Sure. Will, it’s Dave. I’ll take the questions. As you know we are at the 4000 BOE per day right now. Our gas component to that are the RU-3and RU-4 gas wells as well as our West Foreland 2 gas well which comprise little less than 600 BOE per day. The Armstrong acquisition adds 1,100 BOE per day which is all gas.

And then our drilling program between now and the end of our fiscal year, we’re going to have West McArthur River # 8 well which we are drilling currently. We as David mentioned approximately 3000 feet into that well and have an expected time frame on it which would put us towards the end of January if we don’t have any delays in drilling. And that is primarily targeting the oil sands of the Hemlock in our reserve report. Yes, we have that expected to IP in the 750 barrel a day range.

But like the Sword #1 well we will also have targets in the Tyonek and as David mentioned, we are planning to take that well down into the Jurassic as well which is a well bed bearing source rock for the Hemlock. After that well is complete, we’d expect to drill the West McArthur River 9 well, which was largely the same set of targets, so mostly oil. And again about 750 barrel oil per day IP in production rate.

On platform we still have a few weeks to go before we begin drilling the South Step Out which we refer to as the readout # 9 well. And that’s again primarily targeting the Hemlock sands and has a expected IP rate of 750 barrels a day. So if you take where we are and add those three wells which we would expect to complete before the end of our fiscal year, you mainly be adding oil production from those wells but there is the potential for some additional gas.
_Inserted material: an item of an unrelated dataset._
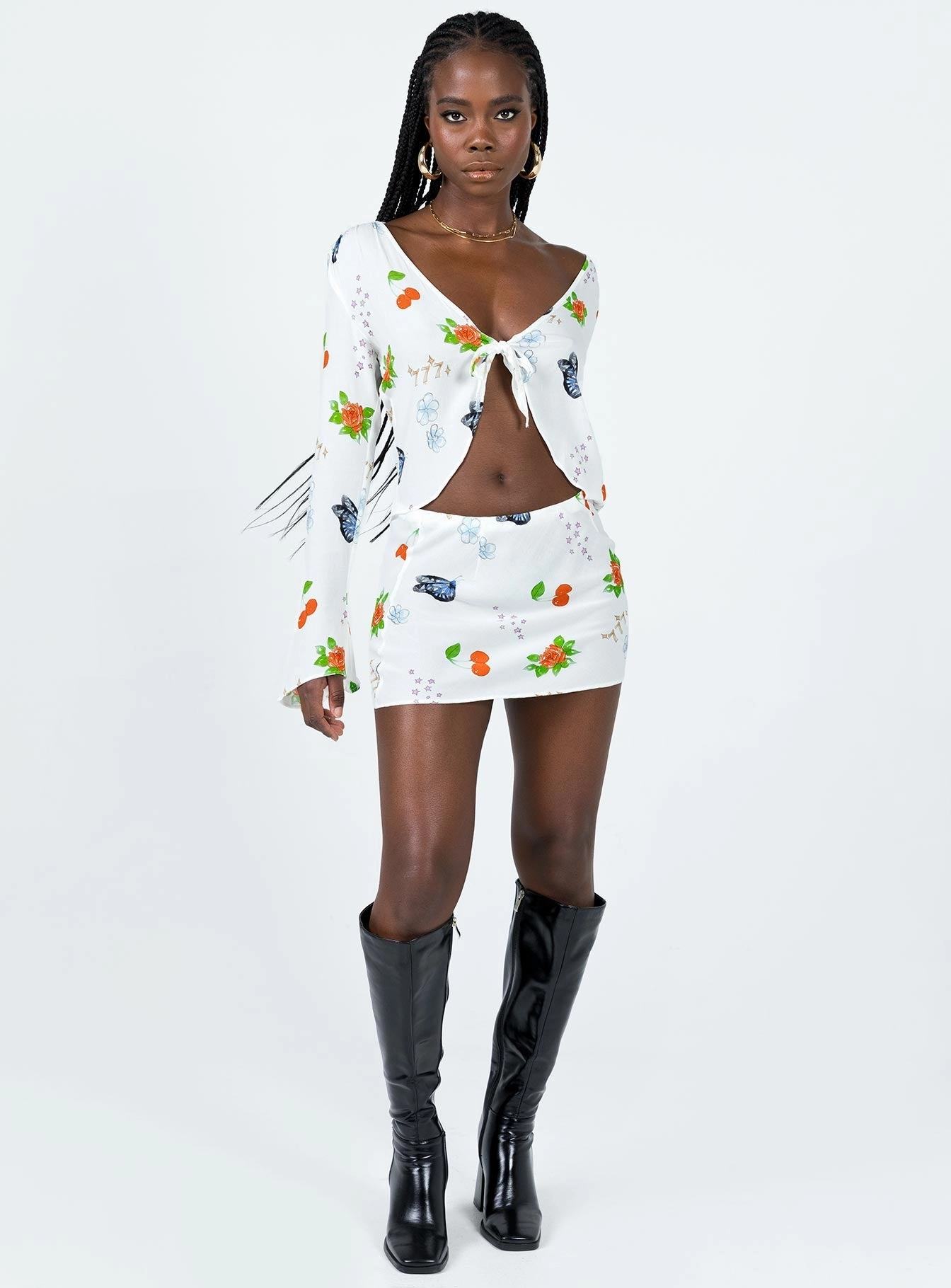Drawn To You Mini Skirt Multi Tea length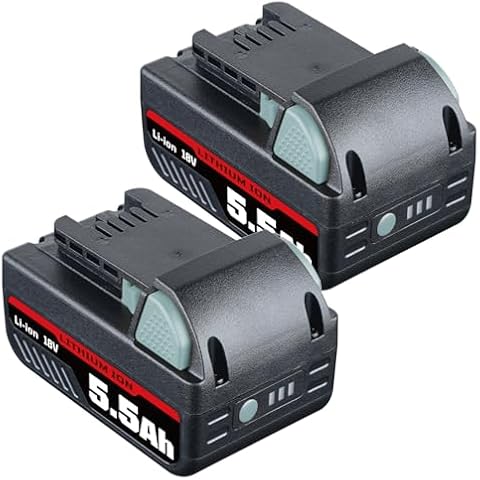 MANUFER 2 Packs 5.5 Ah 18V Battery Replacement for Milwaukee M-18 Battery M18 48-11-1881 48-11-1813 48-11-1861 48-11-1850R Compatible with Milwaukee M18 Cordless Power Tools and Original Charger Cover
With respect to the gas activities while we are finishing up our Otter #1 well, we wouldn’t be bringing that on to production, we’re just going to test it. Spread wouldn’t be adding to current production and the same thing is true with our Susitna project at [indiscernible] Creek. We just be drilling and testing.

With the Armstrong acquisition though we do have a field, which we can drill and produce immediately and we’d expect to do some work in the Armstrong field before our fiscal year-end and we’d expect that to immediately add to production. And we think that there is the ability to potentially increase production by about 600 to 1,000 BOE per day of gas. And that would be the makeup of our additional production before fiscal year-end if we’re successful on those projects.

Unidentified Analyst

Okay, thanks guys. It’s great that Armstrong deal looks like a great deal.

David M. Hall

Yes, we’re very excited, we were kind of fortunate in terms of our timing and it’s a nice field and the sellers has better opportunities for their capital up on the North Slope, so it was a good deal for all parties.

Unidentified Analyst

That’s great, all right. Thanks guys.

David M. Hall

You bet.

Operator

Thank you. Our next question comes from the line of Kim Pacanovsky with Imperial Capital. Please go ahead.

Kim M. Pacanovsky – Imperial Capital LLC

Hi, guys, how are you?

Scott M. Boruff

Hi, Kim.

Kim M. Pacanovsky – Imperial Capital LLC

Hi, okay. I have a couple more questions on North Fork. First of all, in the release that was on the initial release for the acquisition, is it sort of the PV-10 was $95 million, and then in the release that you put out today with the 12-1 reserves, it’s $68 million?

Scott M. Boruff

It’s correct. The release we put out initially, Ryder Scott to the full 12 and 3P reserve reports for us on the acquisition.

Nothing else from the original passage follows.